IT is a case of poacher turned gamekeeper for Wolf Klinz, the former German Liberal MEP who, as the next president of EFRAG, is set to shake-up Europe’s relationship with the IASB, the body responsible for setting global accounting rules.
Klinz has already signalled that EFRAG, the European accounting standards advisory group, will take a more political approach to its work and be more willing to challenge the international accounting rules suggested by the IASB during its endorsement process.
More challenge between the IASB and EFRAG would be no bad thing. In the past, Europe has largely adopted IFRS without question, in part to encourage the US to converge with international standards, but also because EU member states’ policies have often been disjointed and disparate while politicians have failed to engage on a consistent, regular or intense basis.
Under reforms put forward last year by Phillippe Maystadt, a former president of the European Investment Bank, EFRAG’s remit has been expanded so that its endorsement advice is accountable of supplementary assessments, for instance whether the standards are consistent with the true and fair view principle. At the same time, the US appears increasingly unlikely to adopt IFRS after one of the SEC’s commissioners rejected the idea of abandoning US GAAP in favour of IFRS.
The US-centric approach to revising certain IFRS has often proved a contentious point for EU policymakers who see the IASB striving to accommodate the US over lease accounting, revenue recognition and financial instrument standards at the expense of European influence. The feeling that Europe’s voice isn’t being heard among the IASB’s top brass has been a long been a thorn among some members of the European parliament.
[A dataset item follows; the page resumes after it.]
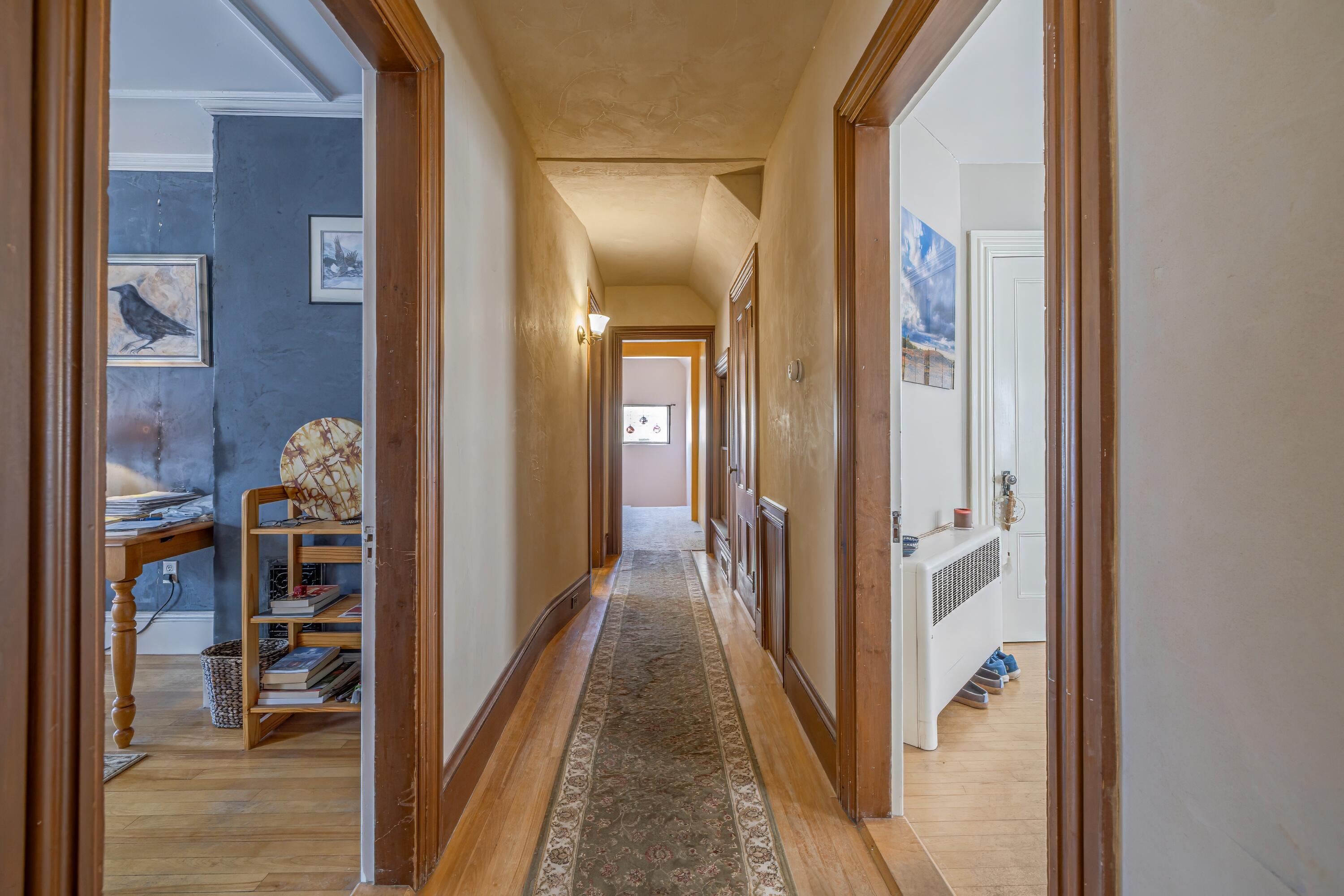 50 Church Street Property Photo 37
Klinz recalls the “high levels of dissatisfaction” with IFRS and how Sir David Tweedie, the former chairman of the IASB and one of the chief architects of IFRS, failed to take Europe seriously enough. “He did not feel the need to present himself in a democratically accountable manner. That we did not particularly like,” Klinz told the European Parliament’s economic affairs committee last month, according to a transcript seen by Accountancy Age.
Last year, members of the EU’s influential economic affairs committee – of which Klinz is a former member – voted to approve EU funding for the IASB, which accounts for around a third of its total contributions, with the proviso that the funding could be pulled if the standard-setter fails to meet certain conditions.
Indeed, Klinz was one of three MEPs to table a question asking the European Commission to explain what reforms it will introduce to ensure the work of the IASB is democratically accountable, and that the global accounting standard setter takes appropriate steps to avoid conflicts of interest.
So, the IASB could be forgiven for fearing that Klinz has become the fox in the henhouse. In his address to parliament, Klinz suggested that EFRAG had been seen as the IASB’s ambassador in Europe and that the EU should “use more” the fact that it provides more funds for the IASB than anyone else. And, as a member of European Parliament’s negotiating team last mandate, he played a key role in highlighting concerns over the loss of important concepts such as true and fair and prudence in international accounting standards.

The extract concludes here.